Whacking great amaryllis lilies are another festive bulb – truly spectacular and sure to dominate any festive floral arrangement. They can be bought ready to flower, or as dormant bulbs in the autumn. If gifted on the day itself, they will subsequently bloom – indoors remember, as they are tender – in the early spring. To get them to flower again the following year, pot them up into a bigger container and place outside for the summer so that they can build up the strength needed to produce another enormous bloom, and bring them in again before the cold weather starts.
The cyclamen that we see in the garden centres at this time of the year are just more tender versions of our garden varieties. These are from the Mediterranean, and will not survive for long when kept outside in the bleak midwinter, nor do they much like watching Strictly by the fire. Annoyingly, they would prefer something in between – happily enjoying a lonely, liminal Christmas in the porch or other unheated halfway space.
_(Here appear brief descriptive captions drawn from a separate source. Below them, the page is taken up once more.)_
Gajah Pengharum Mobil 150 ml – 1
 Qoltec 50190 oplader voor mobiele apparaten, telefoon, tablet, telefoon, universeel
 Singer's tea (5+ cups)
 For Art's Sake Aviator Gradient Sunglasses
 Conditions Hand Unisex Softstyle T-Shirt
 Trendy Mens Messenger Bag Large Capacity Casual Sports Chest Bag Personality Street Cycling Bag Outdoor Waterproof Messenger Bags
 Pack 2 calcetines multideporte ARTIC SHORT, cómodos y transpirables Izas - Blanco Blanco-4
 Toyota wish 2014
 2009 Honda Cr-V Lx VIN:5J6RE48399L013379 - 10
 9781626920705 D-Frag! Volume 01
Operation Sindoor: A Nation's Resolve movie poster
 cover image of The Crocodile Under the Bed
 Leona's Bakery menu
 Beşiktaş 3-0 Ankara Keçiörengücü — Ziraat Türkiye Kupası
More reliable and fully hardy outside is the Christmas rose – not a rose at all, but a Hellebore. The earliest, Helleborus niger, is not to be confused (but it’s very easy to see how) with Helleborus orientalis, or H. hybridus, also known as the Lenten rose, because this one usually flowers in the spring (during Lent?). Helleborus niger is a thing of beauty, with white flowers that shyly unfurl from within a clump of leaves. To keep them looking at their best from year to year, cut off any of the old and unsightly foliage to reveal the flowers, which tend to point downwards – try to do this before the buds emerge to avoid a horticultural baby and bathwater situation, as it’s easy to snip off flower shoots in the process of tidying the foliage…
Real trees, swathes of evergreen foliage and floral displays can’t be put back in the loft each January, but they are completely compostable. They aren’t always the tidiest of indoor decorations either, but they are hard to beat – exuding freshness, fragrance and the promise that our side of the world will soon be turning back towards the sun.